Greenwise Artector had never quite been Stenwold’s friend, but he had been a covert supporter for years. The two of them saw eye to eye on the problem of the Empire, and Artector had done a lot of good hidden work when Helleron had seen Imperial occupation. His information had been vital in fuelling the anti-Imperial resistance.

He looked thinner than Stenwold recalled, the clothes hanging off him a little, clearly tailored for more expansive days. The expensive cosmetics that smoothed out the signs of age and wear on his dark face no longer quite hid the worry around his eyes.

‘Sten,’ he said. ‘Just like old times.’

‘The wheel has rather come full circle,’ Stenwold admitted. ‘At least this time round, Collegium will be ready.’ There had been moments, before the war, when it had seemed his home city would simply ignore the entire situation, turn its back on the Imperial advance until the Wasps had reached their very doorstep, and it was too late. ‘Where will Helleron be?’

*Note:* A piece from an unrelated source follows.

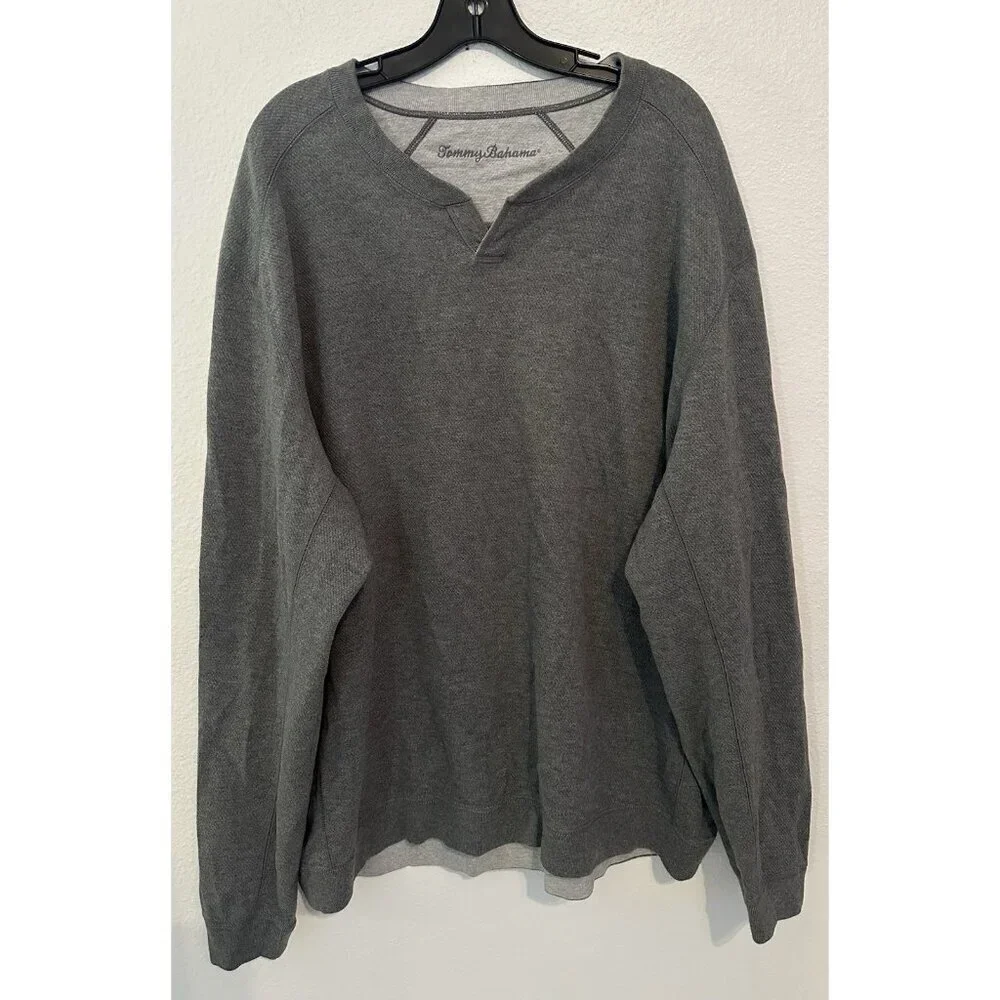 Tommy Bahama Reversible Sweater Gray Cotton Long Sleeves Mens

‘Officially?’ Greenwise grimaced. ‘We are proud of our neutrality. We bow to no man. Listen to most of the magnates and you’d never realize we had an Imperial governor not that long ago, and that our factories were given over to their war effort.’

‘Unofficially?’

‘There are a lot of Imperial dignitaries turning up at the airfields, Consortium merchants mostly. They turn up for a desultory bit of trade, and end up staying on to dine and chat with this magnate or that. More than half the Council plays host to them, and they talk about lucrative contracts, but there’s more going on. I have a few servants here and there that take my coin. Occupation terms for Helleron are already drafted, or as good as. The Empire’s diplomats are getting clever, and everyone’s going to end up subscribing to the same convenient lie: Helleron will get to keep its autonomy, so long as it does everything the Empire tells it.’

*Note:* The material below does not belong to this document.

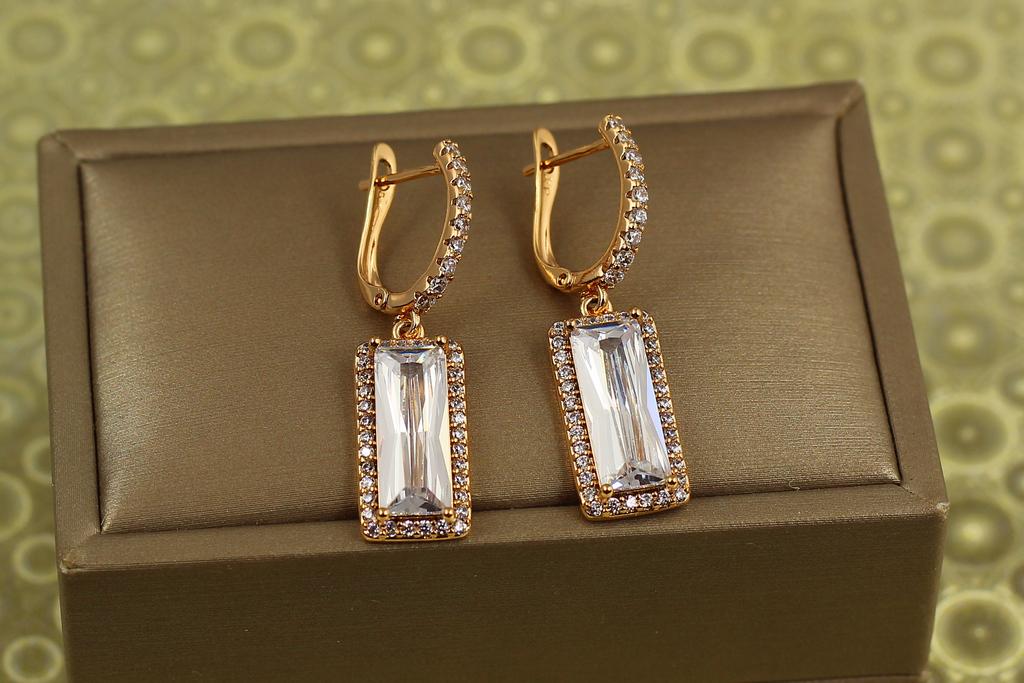 Серьги подвески Xuping Jewelry Эсми 3.4 см Золотистый (31210463)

Stenwold nodded soberly, and then they paused while the wine arrived. The nervous waiter’s insistence that it was on the house told them that they had only a short interval before all the spies caught up with them.

‘Nothing there to surprise me,’ the War Master noted. ‘Greenwise, what do you hear from Myna in the last few days?’

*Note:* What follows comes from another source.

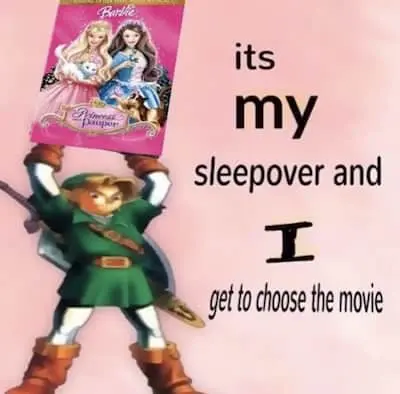 Link choosing a Barbie movie for a sleep over meme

‘I’d not go to Myna for all the gold in the mint,’ the magnate told him straight off. Seeing Stenwold’s expression, he nodded grimly. ‘But, as that’s where you’re going now, nothing good, Sten. The Empire’s had troops at the border for months now, on manoeuvres if you can believe it. Myna — the whole Alliance — is strung like a bow, ready to loose at any moment. I hear there have been a dozen separate border incidents in the last two months, crossing both ways, and that’s not to mention the Principalities throwing their lot in with the Empire, which means the Alliance are all over that border, too. The Wasp diplomats are complaining loudly that the Mynans can’t let go and will keep pushing them until there’s another war. Or, to translate, the Wasps will use that logic as their excuse to bring one about. It’s all firepowder over that ways, Sten. One spark will set it all off.’

‘But when?’ Stenwold asked him, feeling the sands of their conversation running out. ‘You must have sources there.’

‘All I have’s a pair of low-ranking Consortium men with gambling habits, and they know next to nothing. Sten, there’s been most of an army at the border for a good while now, and it’s kept well supplied. They could march at any time. But all the orders come from Capitas. There’s no general on the ground there yet to make the decision. That means that when the call comes…’

‘It’ll come without warning,’ Stenwold finished. ‘Greenwise, give me your best guess, then?’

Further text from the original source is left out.